PROBLEM STATEMENT -> Write out the lines of the material below exactly, beginning at the line with "6836 Deering Street, Garden City, MI 48135" and stopping after the line with "new 2026 Chevrolet", and leave out the pictures.

DATASET CONTENT ->
Content starts

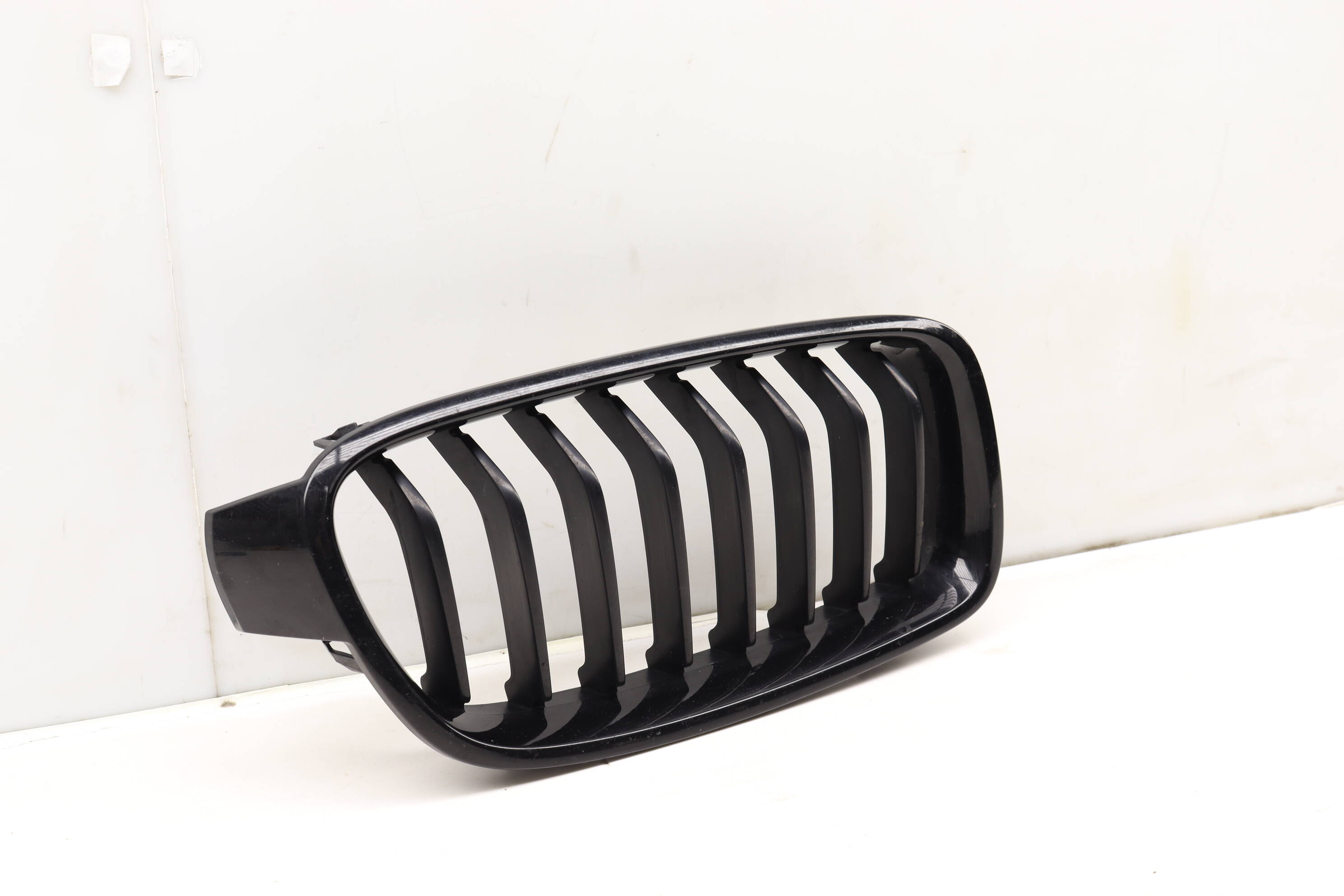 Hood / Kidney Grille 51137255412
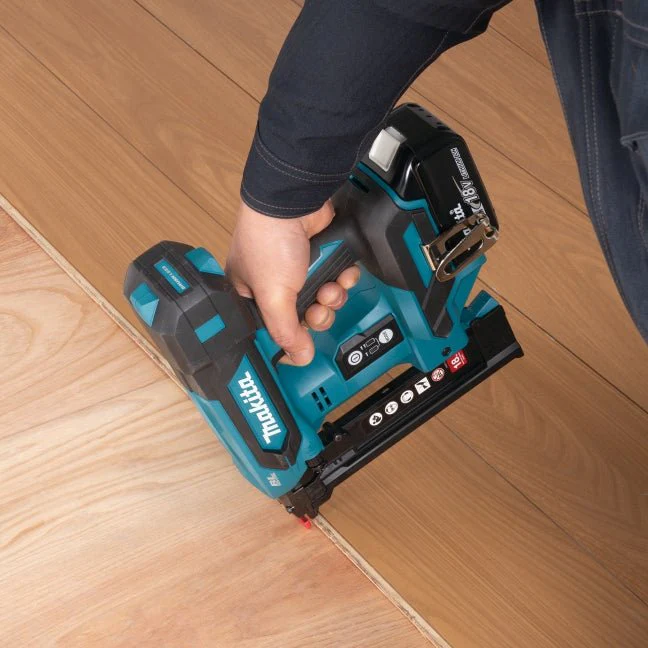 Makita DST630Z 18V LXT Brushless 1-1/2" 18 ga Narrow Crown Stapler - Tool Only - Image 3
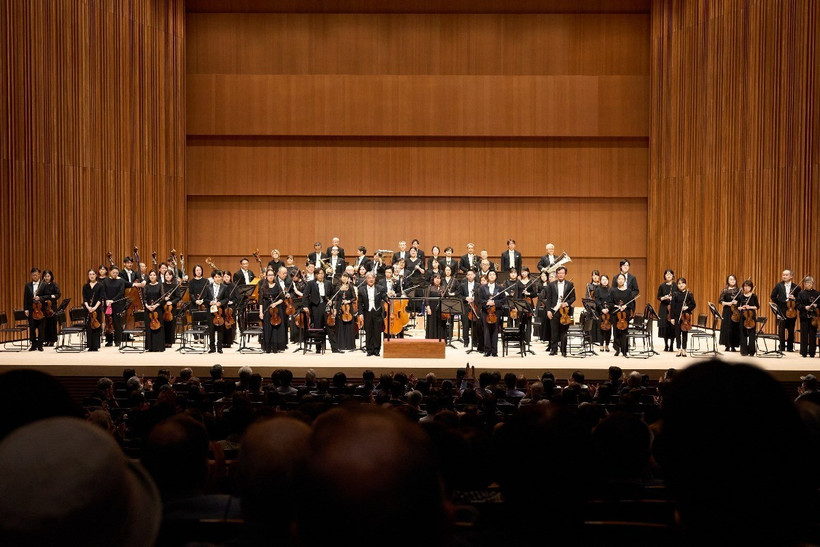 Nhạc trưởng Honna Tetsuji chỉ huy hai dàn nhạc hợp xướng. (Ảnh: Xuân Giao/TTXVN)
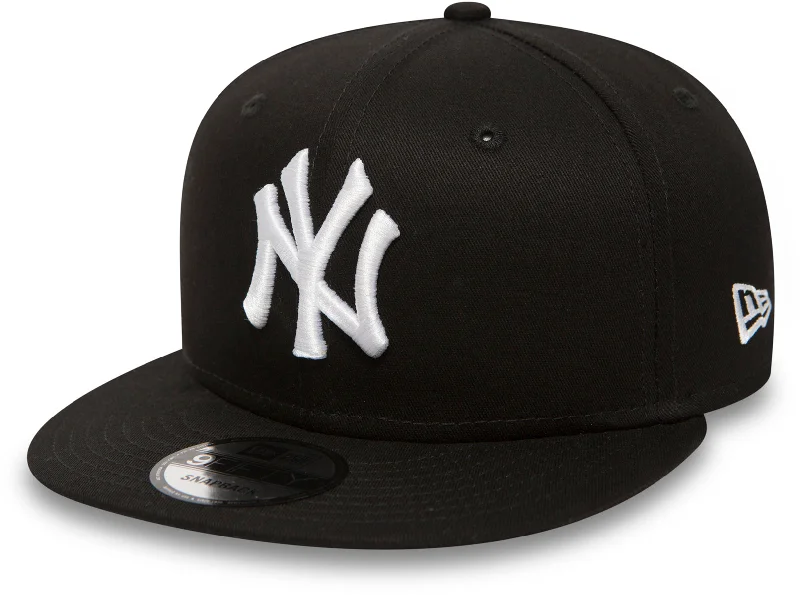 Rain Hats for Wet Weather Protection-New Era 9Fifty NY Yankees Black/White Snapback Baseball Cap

Content ends
Content starts

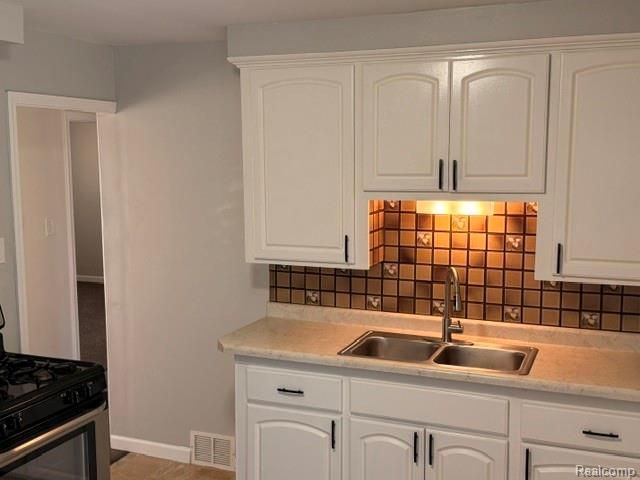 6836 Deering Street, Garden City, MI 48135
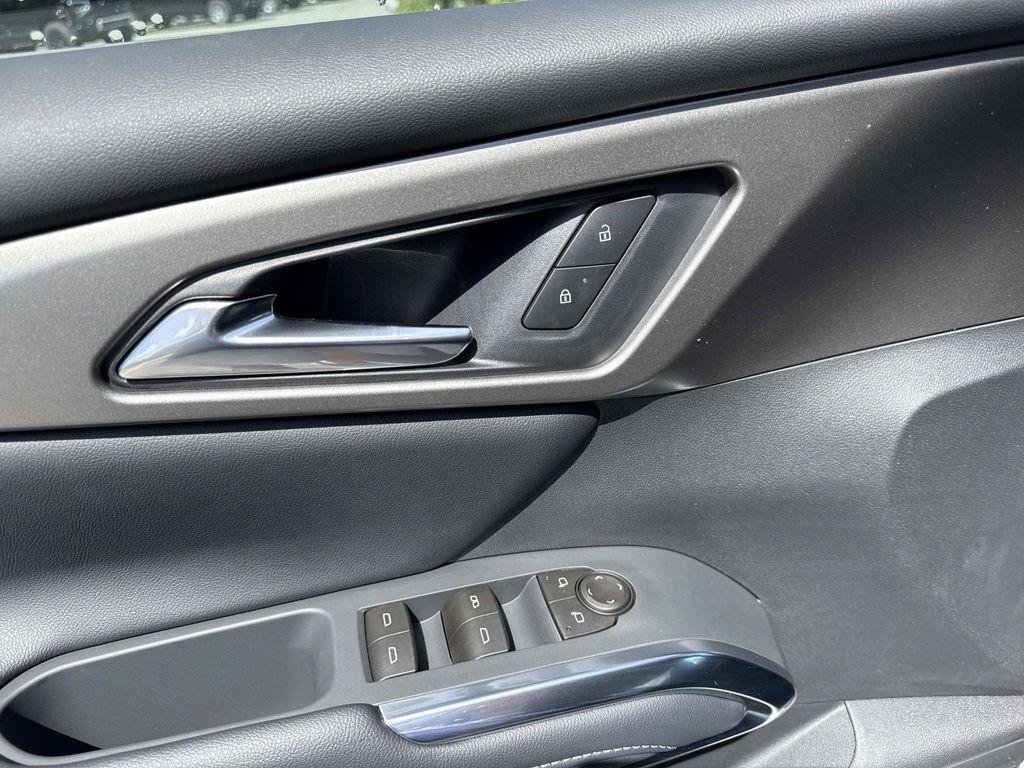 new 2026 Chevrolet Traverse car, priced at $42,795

Content ends

ANSWER FOR THIS EXERCISE ->
 6836 Deering Street, Garden City, MI 48135
 new 2026 Chevrolet Traverse car, priced at $42,795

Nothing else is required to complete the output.